The Taxpayer is a janitorial company. Workers report daily to a central pick-up point and are driven to a home or business, perform a job and collect the Taxpayer's fee from the customer, and are then picked up and returned to another job or home.

The Taxpayer provides the workers with cleaning equipment and supplies. Workers are not directly supervised. If a customer is dissatisfied with the cleaning job, however, the Taxpayer requires the worker to return and correct the job without charge to the customer. Workers are not paid for correcting jobs and are responsible for any damages caused at the work place.

When new workers start, they will get training by sharing a job with the regular worker. As soon as a new worker is familiar with the requirements of the job, he or she begins working alone.

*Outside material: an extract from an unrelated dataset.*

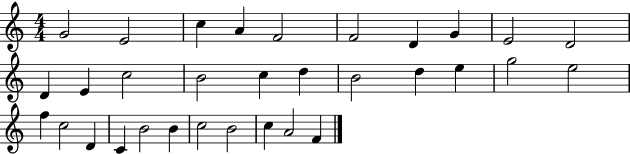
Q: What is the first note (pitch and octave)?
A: G4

Workers are not punished or penalized for failing to work on a particular day. If a worker becomes chronically absent, however, the Taxpayer will replace that worker with new worker to fill the schedule and stops scheduling the absent worker for jobs. To the extent possible, the Taxpayer schedules workers for the same job every week.

The workers work under the business license of the Taxpayer. They are not required to account for their time, only for completing the required tasks of a given job. Before, the Taxpayer and the worker enter into any working relationship, the worker signs an agreement that he or she will be responsible for all taxes and worker's compensation. All workers are free to do jobs on their own or for other companies. Workers are permitted to have other jobs.

The Taxpayer can terminate the working relationship because of dishonesty or poor performance resulting in customer dissatisfaction. No minimum number of jobs is required.
You contend that these workers have been appropriately classified as independent contractors, or in the alternative, you contend that even if the workers are employees, they are protected by the safe harbor provision in § 530 of the Revenue Act of 1978. Thus, you request the assessment of withholding tax be abated.

DETERMINATION

Code of Virginia § 58.1-460 defines "employee' as, "[A]n individual, whether a resident or a nonresident of the Commonwealth, who performs or performed any service in the Commonwealth for wages....' The Code of Virginia does not define "independent contractor' for withholding tax purposes. Nevertheless, federal law provides certain factors to distinguish between an employee and an independent contractor.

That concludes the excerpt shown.